Comme ils voyaient que cela allait sentir mauvais, ils voulaient prouver à toute force que les crimes sexuels et les problèmes de pédophilie il y en avait aussi dans les autres religions. Le rapport de Catherine Deroche est une merveille : elle n’a rien trouvé chez les Protestants, rien chez les Juifs et a fini par trouver 3 cas chez les Musulmans. Elle a dit « dans l’Église catholique ? il n’y a pas de problèmes particuliers ». Trois mois plus tard le rapport de la CIASE dit « 330 000 enfants abusés » ! C’est pourquoi cette année, on lui a remis un Prix Cléricalis de la Libre Pensée.

L’Église ne pourra pas se remettre des crimes du clergé  !

Nous, on a chiffré les biens du clergé. Lors de l’émission Complément d’Enquête il y a eu ¼ d’heure de débats et le journaliste, en qui nous n’avions pas très confiance, a été parfait en demandant au responsable financier de la Conférence des Evêques de France s’il contestait les chiffres de la Libre Pensée. Il a répondu que non. Attention : quand on a chiffré à 8 milliards, c’est hors congrégations et Fondations religieuses! Donc, ils ont de l’argent pour dédommager les victimes.

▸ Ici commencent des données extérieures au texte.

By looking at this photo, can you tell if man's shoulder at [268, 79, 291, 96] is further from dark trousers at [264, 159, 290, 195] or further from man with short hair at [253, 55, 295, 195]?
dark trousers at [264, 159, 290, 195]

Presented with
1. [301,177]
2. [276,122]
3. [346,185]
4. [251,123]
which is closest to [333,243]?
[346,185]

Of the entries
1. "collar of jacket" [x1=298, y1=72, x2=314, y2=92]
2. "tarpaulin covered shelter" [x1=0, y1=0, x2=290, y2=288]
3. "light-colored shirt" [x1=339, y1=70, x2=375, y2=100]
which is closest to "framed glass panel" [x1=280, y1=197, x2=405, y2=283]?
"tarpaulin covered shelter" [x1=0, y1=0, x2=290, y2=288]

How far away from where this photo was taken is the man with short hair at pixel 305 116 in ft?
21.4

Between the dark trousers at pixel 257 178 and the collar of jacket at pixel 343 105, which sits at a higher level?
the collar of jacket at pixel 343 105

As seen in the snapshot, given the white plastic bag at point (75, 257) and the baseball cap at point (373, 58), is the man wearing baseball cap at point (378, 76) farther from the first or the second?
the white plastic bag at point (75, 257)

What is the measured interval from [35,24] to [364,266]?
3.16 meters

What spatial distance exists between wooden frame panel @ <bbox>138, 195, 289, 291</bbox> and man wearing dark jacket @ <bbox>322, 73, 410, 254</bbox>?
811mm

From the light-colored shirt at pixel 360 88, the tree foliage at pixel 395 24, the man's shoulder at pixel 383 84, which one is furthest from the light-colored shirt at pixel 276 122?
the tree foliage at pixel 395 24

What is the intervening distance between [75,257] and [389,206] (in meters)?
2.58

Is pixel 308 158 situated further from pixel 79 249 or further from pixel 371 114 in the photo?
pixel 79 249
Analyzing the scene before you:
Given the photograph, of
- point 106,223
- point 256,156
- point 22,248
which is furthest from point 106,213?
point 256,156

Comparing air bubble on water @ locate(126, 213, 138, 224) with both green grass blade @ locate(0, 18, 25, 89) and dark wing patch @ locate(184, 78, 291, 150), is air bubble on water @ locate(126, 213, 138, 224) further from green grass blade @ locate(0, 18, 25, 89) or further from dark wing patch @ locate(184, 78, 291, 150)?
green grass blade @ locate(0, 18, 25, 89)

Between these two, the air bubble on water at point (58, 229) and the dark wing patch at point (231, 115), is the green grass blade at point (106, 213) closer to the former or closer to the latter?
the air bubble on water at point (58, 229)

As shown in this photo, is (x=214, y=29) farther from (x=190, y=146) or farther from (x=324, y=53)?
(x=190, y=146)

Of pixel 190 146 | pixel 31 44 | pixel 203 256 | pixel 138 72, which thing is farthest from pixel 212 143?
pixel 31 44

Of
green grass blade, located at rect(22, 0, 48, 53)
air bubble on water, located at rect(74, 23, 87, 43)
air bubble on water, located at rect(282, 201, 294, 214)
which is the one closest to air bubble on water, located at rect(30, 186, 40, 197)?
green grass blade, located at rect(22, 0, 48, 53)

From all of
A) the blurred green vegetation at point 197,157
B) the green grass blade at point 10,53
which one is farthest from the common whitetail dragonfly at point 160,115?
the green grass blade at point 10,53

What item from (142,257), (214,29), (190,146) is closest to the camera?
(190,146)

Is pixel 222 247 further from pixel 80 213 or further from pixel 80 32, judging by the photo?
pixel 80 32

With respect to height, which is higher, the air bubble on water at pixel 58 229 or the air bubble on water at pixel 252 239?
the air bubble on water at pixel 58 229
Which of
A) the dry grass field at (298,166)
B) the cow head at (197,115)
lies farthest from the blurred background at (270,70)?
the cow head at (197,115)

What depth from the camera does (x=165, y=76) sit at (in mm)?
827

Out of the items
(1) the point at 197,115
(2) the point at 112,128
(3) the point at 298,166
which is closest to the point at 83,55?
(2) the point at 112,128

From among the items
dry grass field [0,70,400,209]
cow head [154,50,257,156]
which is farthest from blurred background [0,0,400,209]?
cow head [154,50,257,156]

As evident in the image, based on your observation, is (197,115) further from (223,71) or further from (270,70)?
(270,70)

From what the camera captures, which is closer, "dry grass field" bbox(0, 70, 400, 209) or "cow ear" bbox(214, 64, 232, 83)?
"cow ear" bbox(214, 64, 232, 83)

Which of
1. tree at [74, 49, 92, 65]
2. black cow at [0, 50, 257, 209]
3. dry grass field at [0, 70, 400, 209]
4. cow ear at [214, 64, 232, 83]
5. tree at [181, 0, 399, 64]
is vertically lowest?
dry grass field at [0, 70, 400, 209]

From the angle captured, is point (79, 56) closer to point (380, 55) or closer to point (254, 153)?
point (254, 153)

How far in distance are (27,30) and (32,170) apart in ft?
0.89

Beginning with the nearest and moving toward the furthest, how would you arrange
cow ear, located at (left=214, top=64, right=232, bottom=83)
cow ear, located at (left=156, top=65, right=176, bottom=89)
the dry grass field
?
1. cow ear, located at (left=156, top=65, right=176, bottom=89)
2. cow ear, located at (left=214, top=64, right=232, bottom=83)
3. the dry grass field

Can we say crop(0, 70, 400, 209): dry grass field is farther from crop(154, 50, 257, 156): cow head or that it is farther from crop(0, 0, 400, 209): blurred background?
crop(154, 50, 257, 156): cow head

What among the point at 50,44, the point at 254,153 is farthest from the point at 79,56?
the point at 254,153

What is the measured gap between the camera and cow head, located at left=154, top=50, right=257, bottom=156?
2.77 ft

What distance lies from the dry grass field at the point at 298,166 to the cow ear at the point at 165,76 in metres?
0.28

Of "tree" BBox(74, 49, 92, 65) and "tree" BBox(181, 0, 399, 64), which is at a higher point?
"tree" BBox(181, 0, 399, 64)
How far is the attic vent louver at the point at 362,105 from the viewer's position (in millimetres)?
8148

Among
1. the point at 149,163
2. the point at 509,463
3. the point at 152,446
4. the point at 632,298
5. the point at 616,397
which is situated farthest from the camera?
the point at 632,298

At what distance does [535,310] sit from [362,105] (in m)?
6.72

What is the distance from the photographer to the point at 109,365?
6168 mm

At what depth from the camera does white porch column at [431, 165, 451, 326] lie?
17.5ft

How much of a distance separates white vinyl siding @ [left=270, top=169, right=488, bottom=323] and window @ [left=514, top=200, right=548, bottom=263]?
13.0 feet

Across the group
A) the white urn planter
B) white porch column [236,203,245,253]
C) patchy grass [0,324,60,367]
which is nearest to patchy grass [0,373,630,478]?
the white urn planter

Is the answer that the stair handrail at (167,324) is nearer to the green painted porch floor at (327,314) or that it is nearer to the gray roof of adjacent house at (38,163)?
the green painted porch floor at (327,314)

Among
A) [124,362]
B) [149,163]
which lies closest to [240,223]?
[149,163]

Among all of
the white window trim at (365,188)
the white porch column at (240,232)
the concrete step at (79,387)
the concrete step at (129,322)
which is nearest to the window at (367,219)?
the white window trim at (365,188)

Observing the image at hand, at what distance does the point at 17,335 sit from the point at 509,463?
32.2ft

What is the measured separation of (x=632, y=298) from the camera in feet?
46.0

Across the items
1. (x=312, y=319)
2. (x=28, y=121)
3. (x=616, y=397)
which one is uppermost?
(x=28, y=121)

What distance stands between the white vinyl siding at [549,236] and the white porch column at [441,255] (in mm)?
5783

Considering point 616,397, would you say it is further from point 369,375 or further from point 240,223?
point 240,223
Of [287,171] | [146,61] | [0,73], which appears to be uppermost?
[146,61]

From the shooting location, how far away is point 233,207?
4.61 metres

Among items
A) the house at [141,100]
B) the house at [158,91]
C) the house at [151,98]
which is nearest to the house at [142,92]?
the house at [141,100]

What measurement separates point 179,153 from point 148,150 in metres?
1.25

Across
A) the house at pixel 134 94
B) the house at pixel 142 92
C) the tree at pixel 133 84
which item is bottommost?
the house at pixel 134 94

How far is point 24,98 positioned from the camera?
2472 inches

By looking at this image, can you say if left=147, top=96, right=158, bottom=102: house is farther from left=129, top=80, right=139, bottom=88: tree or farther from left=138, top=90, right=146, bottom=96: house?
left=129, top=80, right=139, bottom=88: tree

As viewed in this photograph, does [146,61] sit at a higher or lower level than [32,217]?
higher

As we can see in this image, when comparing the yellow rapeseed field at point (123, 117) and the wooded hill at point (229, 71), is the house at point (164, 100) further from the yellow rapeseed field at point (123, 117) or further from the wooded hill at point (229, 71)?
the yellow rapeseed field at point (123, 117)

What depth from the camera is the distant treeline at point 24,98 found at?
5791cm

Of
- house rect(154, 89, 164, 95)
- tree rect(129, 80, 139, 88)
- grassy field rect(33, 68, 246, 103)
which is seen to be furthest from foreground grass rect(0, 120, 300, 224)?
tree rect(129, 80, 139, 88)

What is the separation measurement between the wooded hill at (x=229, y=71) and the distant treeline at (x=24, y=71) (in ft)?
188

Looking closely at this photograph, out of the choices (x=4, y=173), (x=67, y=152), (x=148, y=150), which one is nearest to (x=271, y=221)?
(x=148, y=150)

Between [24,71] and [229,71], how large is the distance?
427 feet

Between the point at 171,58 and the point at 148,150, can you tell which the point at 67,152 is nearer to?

Pour une indemnisation des victimes à auteur de ce qui est attribué par les tribunaux civils pour des faits similaires, ils devraient verser 2 à 3 milliards. Ils ont budgété 20 millions.

L’Episcopat nord-américain est sur la paille parce qu’ils ont été condamnés par des tribunaux. Les affaires de crimes sexuels ont débuté aux États-Unis. Pourquoi ? Parce que la diplomatie du Vatican n’est pas la même que celle des États-Unis. L’Impérialisme américain a décidé de faire plier le Vatican en tapant au portefeuille. Et cela va continuer.

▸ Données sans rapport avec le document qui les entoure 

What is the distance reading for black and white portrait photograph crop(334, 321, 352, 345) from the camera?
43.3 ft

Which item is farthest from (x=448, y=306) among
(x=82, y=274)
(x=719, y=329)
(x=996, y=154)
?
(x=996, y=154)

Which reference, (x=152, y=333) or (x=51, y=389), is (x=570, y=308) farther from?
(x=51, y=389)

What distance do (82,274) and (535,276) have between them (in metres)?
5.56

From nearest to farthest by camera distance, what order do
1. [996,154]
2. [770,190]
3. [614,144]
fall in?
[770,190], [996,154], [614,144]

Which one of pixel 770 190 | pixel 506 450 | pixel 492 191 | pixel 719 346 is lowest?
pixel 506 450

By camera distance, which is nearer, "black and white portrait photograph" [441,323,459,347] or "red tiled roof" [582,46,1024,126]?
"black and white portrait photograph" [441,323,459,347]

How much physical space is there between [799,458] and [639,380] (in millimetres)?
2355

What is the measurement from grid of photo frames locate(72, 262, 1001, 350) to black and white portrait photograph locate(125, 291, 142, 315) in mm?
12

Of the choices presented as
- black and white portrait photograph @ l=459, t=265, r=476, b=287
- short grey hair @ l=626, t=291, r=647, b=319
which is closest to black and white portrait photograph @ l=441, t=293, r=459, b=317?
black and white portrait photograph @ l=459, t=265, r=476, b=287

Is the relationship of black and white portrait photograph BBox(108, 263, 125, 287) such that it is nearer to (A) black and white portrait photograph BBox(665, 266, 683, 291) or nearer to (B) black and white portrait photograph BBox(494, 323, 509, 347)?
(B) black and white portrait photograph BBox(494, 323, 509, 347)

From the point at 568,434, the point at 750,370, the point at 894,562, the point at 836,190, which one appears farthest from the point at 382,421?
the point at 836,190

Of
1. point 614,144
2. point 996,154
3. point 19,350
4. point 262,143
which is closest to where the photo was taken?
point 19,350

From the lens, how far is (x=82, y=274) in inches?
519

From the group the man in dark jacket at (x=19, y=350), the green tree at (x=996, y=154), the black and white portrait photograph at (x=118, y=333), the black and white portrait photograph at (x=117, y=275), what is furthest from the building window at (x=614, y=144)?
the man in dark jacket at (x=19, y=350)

En Chine, il y deux Églises : une souterraine et une officielle. Le Pape a décidé de reconnaitre officiellement l’Église officielle chinoise. C’est un soutien au régime chinois. Comme au Moyen-Orient. La politique du Vatican en Israël, en Palestine et au Moyen-Orient n’est pas celle des États-Unis. La politique des Etats-Unis c’est : plein soutien à Israël.

Mais comme il y a des communautés chrétiennes importantes au Moyen-Orient, le Vatican ne va pas sacrifier ses intérêts pour le compte de l’Impérialisme américain dans un soutien à Israël sans condition. En plus, le Vatican est pour l’internationalisation des lieux saints de Jérusalem. Israël ne veut pas de cela ! Tout doit revenir à l’Etat Juif d’Israël et rien pour les autres religions.

5°)- Dernière chose concernant l’action au quotidien. Il faut se battre sur tous les terrains pour ne rien lâcher. Sur notre terrain, la Libre Pensée, nous sommes assez satisfaits d’avoir fait avancer la jurisprudence laïque. On a, par tous les procès que nous avons menés, créé une jurisprudence laïque.

Robert Ménard ne veut rien savoir à Béziers, mais il pliera obligatoirement. Nous l’avons fait condamner 6 fois. Et on continuera ! Nous avons obtenu du Conseil d’État un arrêt fondamental sur les crèches dans les mairies et bâtiments de la République. Il y a des années, cela n’aurait pas été possible. Il a fallu que la Libre Pensée mène une action juridique conséquente pour obtenir cet arrêt qui fait date. C’est la plus haute juridiction administrative.

L’opinion publique est majoritairement pour la défense de la laïcité. C’est pour cela que les autres font ce qu’ils font sur la laïcité. Plus ils embrouillent, moins les gens comprennent. Mais quand les gens comprennent, ils comprennent ! Quand en 1994, Bayrou a voulu changer la loi Falloux, il a récolté un million de personnes dans la rue. Alors qu’il n’avait fait que reprendre le projet de son prédécesseur « socialiste ».

Notre travail est d’expliquer les choses pour que les gens comprennent. Quand ils auront compris, ils n’accepteront jamais que l’on remette en cause la laïcité, la démocratie, les Droits de l’Homme.